Premiering on Veteran’s Day, the series was created by Jeb Stuart (“Die Hard”), based on the book “The Liberator: One World II Soldier’s 500-Day Odyssey,” which focuses on army officer Felix Sparks and his Oklahoma unit that consisted largely of Native Americans and Mexican-Americans. Their journey began in Italy and concludes with the horror of the Dachau concentration camp.
The technology at work, with the unwieldy name Trioscope Enhanced Hybrid Animation, establishes a comic-book-like feel.
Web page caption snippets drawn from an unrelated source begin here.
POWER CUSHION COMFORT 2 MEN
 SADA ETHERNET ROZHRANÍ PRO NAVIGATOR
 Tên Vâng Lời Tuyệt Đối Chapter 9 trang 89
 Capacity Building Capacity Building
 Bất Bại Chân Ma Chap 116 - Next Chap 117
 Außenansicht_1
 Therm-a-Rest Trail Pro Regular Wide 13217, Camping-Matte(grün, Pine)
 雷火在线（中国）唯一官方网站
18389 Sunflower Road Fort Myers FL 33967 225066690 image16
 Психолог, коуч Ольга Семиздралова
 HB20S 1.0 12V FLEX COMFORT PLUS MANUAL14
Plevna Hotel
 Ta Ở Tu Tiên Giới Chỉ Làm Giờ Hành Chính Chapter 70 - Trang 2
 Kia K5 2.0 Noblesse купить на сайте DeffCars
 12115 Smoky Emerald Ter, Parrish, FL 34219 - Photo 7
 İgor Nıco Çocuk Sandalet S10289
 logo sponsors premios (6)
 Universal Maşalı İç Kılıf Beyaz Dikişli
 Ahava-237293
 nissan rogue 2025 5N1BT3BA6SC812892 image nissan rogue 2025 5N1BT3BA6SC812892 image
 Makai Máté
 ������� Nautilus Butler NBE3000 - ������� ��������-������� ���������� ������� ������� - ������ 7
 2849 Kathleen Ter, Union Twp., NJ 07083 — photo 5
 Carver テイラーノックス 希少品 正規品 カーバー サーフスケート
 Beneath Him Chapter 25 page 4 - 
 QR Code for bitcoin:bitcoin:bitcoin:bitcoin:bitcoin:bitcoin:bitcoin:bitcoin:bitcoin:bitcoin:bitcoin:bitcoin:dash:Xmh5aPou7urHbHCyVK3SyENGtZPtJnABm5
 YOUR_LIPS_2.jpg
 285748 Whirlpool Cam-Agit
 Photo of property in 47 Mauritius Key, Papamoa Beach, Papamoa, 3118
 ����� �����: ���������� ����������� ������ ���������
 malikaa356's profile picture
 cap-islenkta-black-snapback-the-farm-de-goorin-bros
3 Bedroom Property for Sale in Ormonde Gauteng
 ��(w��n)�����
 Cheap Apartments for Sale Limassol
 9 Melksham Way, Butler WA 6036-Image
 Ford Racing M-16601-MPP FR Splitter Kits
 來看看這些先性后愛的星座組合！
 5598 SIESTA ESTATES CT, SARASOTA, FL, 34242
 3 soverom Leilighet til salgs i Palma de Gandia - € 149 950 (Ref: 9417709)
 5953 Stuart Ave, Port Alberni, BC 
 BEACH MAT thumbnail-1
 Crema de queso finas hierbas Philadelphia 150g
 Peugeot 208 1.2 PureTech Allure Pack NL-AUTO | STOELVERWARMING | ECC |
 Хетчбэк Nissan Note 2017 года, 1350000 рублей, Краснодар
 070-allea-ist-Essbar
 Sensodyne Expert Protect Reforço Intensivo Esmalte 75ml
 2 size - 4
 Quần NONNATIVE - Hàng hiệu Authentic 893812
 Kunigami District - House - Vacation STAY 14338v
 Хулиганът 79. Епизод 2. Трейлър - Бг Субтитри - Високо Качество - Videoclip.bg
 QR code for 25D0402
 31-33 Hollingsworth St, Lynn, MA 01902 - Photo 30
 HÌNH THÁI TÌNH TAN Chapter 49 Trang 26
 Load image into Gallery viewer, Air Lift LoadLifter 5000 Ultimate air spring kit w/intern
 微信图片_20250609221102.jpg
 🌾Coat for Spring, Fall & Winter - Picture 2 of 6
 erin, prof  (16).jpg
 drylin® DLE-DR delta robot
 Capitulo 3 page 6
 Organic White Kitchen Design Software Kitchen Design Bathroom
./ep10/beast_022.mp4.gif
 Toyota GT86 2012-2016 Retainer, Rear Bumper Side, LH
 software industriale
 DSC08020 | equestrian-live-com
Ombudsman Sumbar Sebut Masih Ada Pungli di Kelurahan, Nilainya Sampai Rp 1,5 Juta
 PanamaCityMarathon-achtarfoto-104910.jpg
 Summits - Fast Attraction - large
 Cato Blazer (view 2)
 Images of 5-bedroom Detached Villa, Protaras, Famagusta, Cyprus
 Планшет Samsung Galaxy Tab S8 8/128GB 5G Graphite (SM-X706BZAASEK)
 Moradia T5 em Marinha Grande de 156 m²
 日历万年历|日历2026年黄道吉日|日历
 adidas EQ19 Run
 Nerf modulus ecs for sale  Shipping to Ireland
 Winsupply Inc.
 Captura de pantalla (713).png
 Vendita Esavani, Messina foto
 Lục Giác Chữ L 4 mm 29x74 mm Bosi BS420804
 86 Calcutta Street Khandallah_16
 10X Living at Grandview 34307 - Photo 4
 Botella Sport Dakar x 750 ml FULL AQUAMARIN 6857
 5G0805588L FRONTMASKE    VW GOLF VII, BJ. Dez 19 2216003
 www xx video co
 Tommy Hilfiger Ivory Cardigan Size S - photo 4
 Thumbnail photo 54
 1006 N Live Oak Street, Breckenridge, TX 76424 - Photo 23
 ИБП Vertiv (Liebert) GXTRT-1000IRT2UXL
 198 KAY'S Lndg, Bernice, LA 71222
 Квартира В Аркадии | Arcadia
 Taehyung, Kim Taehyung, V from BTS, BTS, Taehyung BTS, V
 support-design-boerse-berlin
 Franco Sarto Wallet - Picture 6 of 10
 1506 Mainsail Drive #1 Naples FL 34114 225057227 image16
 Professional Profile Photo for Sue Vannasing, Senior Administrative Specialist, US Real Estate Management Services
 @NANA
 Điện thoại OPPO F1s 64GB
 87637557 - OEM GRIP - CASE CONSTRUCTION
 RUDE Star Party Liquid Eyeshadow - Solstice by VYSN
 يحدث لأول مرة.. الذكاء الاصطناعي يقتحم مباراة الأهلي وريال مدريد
While the characters look real, if a little fuzzy, the backgrounds can be rendered in a way that creates animated tanks and explosions, without needing to construct sets or find locations.
The visuals, however, actually work against becoming wholly engaged in the drama, blurring the distinctions of the characters, who, beyond Sparks (played by “Damien” star Bradley James), are pretty thinly drawn (pun intended) to begin with.
Rotoscoping was championed by animator Ralph Bakshi on movies like “The Lord of the Rings” and “Fire and Ice,” and this certainly resembles a next-generation application of the process, which creates interesting possibilities going forward.
For starters, it would seem to be a way to produce certain kinds of action movies more economically — which, as Variety reported, was the motivation for transforming what would have been an eight-part live-action version of the story into its current four-part form.
Like any technical gimmick, though, a movie or TV show is only as good as the writing and characters. It’s there where “The Liberator” fails to come alive, coming across as a pale version of old black-and-white World War II movies, in a way that feels — as is so easy to do when the emphasis is on gee-whiz technological tools — like focusing on the wrapping and bow instead of the gift within them.
“The Liberator” premieres Nov. 11 on Netflix.